DynamoDB TTL: Built-in feature. Set a ttl attribute (Unix timestamp). DynamoDB automatically deletes expired items within 48 hours of expiry. Deleted items are published to DynamoDB Streams → we consume this to also evict from Redis.
For Cassandra: Use TTL on insert: INSERT INTO urls (...) VALUES (...) USING TTL 157680000 (5 years in seconds). Cassandra handles tombstone cleanup during compaction.
Redirect behavior: Even before the background cleanup runs, the redirect service checks expires_at on every lookup. Expired → 404, regardless of whether the row has been physically deleted yet.
7. Extensions (2 min)
- Abuse prevention: Blacklist malicious URLs using Google Safe Browsing API check on creation. Rate limit by IP (not just API key) to prevent credential stuffing of shortened URLs as phishing vectors.
- Global deployment: Multi-region DynamoDB Global Tables for < 50ms writes worldwide.

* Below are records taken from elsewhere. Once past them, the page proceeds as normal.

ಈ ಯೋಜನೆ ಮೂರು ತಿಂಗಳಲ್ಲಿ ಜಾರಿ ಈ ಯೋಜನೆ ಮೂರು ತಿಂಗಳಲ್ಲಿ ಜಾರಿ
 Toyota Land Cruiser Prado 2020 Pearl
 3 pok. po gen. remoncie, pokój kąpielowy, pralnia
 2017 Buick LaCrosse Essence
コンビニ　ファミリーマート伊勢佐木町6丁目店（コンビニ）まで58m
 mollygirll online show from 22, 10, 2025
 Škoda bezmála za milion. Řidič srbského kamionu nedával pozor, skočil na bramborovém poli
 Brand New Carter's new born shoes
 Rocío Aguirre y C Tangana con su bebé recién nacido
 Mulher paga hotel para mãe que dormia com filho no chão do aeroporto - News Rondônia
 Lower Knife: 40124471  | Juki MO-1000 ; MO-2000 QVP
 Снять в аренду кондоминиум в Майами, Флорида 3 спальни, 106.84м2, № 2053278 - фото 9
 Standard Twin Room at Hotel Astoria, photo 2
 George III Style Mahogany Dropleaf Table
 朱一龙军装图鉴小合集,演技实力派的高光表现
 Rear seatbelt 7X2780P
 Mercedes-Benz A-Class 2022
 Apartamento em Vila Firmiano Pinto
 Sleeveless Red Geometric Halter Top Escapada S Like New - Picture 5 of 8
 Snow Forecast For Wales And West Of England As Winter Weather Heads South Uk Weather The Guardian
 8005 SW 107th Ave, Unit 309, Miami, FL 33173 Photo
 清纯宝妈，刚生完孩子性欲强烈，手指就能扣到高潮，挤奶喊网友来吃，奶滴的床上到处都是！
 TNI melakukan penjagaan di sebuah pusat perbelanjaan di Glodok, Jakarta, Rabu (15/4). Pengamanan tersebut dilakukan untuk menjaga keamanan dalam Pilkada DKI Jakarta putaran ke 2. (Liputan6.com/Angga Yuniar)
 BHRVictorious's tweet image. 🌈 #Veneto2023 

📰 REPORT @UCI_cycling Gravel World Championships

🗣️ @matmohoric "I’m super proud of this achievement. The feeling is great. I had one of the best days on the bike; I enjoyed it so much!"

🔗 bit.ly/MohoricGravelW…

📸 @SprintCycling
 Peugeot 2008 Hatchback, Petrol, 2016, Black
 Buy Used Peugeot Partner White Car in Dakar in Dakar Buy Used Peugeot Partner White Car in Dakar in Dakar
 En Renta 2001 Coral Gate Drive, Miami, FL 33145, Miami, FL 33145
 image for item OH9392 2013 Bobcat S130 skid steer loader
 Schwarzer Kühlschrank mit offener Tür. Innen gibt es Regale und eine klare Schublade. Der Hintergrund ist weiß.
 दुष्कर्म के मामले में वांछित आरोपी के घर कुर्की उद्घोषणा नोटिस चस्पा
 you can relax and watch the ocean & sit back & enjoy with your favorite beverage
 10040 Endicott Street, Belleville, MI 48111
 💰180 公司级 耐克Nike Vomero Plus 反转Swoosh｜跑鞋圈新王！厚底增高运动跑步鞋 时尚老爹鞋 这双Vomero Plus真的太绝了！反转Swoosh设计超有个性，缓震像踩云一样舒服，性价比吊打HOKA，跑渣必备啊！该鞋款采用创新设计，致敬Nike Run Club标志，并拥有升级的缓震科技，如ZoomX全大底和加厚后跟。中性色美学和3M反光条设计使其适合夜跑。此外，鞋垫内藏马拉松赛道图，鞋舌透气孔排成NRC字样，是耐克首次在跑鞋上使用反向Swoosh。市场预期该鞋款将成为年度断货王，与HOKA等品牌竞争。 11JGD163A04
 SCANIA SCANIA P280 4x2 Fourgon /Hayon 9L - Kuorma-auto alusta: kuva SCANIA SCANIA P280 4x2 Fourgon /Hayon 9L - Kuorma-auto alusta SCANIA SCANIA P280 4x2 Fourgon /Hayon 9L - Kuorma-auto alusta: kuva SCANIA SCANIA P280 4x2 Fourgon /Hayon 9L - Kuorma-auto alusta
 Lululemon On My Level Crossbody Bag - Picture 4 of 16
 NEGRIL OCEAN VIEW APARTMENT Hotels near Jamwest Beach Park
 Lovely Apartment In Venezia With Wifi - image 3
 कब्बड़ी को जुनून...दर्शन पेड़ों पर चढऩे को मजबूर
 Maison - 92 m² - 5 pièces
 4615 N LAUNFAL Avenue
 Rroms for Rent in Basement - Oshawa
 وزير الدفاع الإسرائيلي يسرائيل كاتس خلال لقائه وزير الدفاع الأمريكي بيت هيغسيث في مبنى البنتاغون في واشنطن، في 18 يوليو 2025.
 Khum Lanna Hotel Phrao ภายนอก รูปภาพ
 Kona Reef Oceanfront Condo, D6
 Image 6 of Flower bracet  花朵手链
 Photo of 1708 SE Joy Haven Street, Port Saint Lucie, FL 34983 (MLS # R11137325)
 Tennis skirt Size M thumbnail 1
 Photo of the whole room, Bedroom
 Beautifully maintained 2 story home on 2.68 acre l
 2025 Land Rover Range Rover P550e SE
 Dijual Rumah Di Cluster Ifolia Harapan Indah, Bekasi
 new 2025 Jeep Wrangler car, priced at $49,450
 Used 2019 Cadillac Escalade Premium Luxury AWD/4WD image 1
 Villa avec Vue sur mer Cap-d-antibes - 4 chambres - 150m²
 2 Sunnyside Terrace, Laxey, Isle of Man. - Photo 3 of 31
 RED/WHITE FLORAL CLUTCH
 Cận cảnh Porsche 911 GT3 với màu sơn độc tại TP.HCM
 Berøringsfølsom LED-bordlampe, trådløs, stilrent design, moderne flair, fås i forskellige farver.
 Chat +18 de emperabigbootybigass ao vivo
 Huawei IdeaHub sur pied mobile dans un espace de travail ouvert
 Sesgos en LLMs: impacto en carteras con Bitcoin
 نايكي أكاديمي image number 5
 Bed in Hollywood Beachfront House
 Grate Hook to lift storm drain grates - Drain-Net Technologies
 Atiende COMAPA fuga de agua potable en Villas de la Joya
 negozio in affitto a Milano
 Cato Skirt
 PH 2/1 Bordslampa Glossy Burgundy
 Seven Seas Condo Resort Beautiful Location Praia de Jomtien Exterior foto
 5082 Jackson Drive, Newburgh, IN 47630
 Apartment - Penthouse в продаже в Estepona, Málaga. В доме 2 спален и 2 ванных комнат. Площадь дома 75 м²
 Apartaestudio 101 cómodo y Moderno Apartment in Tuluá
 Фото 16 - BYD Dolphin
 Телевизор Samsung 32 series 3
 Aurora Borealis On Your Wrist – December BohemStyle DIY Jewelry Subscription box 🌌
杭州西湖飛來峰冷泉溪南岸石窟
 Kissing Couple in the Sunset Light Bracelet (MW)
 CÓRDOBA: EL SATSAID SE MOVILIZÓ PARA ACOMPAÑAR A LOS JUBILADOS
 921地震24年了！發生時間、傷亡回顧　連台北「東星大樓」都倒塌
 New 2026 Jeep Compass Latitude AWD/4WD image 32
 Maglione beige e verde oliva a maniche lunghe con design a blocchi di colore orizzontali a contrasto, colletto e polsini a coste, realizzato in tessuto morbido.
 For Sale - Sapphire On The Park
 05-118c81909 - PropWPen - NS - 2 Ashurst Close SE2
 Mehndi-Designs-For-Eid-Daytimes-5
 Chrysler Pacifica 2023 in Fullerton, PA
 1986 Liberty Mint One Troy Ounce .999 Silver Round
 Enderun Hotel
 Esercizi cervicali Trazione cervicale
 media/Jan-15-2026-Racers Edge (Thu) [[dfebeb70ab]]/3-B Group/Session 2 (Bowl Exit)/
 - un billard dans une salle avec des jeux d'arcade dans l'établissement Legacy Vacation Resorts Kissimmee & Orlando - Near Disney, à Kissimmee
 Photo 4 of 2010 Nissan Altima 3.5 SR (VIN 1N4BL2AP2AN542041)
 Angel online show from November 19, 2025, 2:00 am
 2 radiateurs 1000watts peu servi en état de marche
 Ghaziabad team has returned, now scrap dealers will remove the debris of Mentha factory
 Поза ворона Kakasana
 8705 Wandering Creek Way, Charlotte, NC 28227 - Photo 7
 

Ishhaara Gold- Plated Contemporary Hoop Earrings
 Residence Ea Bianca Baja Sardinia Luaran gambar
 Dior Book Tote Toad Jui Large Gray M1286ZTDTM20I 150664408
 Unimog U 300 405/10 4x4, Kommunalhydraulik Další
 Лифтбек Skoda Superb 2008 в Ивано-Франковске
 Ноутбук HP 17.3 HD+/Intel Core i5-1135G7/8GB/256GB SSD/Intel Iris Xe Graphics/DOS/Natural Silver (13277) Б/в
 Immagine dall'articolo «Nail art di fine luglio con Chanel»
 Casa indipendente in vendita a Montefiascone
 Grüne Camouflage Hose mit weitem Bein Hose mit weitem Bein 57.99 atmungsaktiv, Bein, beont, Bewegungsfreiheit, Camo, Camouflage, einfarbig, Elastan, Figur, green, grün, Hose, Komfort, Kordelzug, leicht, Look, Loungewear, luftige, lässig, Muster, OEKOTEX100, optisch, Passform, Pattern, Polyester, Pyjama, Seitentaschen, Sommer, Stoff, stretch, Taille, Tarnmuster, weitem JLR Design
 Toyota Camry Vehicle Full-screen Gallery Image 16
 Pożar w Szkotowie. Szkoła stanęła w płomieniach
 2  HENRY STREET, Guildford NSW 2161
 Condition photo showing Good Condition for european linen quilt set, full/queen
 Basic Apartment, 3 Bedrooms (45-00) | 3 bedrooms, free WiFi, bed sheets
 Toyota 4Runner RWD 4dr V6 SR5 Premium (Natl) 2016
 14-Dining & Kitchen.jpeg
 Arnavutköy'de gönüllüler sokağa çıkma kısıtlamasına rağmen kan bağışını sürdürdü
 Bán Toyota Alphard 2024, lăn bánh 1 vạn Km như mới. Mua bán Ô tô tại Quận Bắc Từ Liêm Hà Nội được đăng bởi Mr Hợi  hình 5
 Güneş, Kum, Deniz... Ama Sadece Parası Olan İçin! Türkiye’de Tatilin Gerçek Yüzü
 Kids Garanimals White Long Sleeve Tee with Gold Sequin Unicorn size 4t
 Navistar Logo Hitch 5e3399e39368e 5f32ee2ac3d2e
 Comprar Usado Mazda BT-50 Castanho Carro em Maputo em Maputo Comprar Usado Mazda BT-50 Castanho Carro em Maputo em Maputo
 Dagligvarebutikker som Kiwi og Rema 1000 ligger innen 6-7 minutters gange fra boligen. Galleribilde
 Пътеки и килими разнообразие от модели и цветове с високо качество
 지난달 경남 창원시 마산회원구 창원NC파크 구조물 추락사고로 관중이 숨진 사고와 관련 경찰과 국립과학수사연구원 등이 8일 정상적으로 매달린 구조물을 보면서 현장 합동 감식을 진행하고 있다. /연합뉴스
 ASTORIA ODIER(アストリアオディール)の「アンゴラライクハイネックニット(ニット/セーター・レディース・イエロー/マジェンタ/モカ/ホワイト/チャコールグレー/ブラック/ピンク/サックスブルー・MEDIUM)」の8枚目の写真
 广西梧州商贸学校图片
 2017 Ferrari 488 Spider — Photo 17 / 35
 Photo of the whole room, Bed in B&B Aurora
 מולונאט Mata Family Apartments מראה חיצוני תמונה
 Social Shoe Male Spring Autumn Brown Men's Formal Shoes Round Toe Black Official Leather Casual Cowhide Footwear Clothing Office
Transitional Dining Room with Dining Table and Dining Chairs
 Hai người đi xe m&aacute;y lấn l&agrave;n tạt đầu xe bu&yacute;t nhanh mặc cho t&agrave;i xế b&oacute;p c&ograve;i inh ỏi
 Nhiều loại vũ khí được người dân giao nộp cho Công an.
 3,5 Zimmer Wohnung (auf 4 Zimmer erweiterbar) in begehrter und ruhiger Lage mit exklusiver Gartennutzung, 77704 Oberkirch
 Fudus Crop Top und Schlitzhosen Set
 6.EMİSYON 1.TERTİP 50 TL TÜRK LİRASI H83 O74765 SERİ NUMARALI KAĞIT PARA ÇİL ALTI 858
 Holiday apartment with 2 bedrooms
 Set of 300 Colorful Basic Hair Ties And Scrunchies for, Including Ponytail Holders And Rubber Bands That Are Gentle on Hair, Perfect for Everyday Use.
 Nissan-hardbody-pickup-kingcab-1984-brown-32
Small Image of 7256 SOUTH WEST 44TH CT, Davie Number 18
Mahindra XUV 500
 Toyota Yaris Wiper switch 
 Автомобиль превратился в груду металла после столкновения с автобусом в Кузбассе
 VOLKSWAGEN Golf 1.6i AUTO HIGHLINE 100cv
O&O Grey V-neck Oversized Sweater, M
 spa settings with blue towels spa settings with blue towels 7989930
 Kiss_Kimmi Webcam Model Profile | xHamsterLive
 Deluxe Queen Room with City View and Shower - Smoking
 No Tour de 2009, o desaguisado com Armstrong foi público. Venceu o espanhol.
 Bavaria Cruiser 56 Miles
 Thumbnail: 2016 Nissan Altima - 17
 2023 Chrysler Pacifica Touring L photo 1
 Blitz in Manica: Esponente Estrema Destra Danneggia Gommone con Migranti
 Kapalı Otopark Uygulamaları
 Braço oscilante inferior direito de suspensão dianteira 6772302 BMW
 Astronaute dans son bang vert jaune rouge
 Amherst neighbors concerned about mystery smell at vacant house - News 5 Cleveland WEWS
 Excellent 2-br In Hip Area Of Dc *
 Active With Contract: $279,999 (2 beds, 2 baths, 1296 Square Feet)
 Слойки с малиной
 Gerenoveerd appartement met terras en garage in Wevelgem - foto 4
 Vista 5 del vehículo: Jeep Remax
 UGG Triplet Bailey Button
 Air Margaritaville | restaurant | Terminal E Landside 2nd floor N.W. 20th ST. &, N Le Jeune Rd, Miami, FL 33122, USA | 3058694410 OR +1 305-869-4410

Redis clusters per region. Geo-route users to nearest edge.
- Custom domains: Allow users to use their own domain (brand.co/link) — just a CNAME + configuration in our system.
- A/B testing: Allow multiple destination URLs per short code with traffic splitting (50/50, 90/10, etc.).
- Monitoring: Track redirect latency p50/p95/p99, cache hit ratio, short code generation rate, DynamoDB consumed capacity, Kafka lag.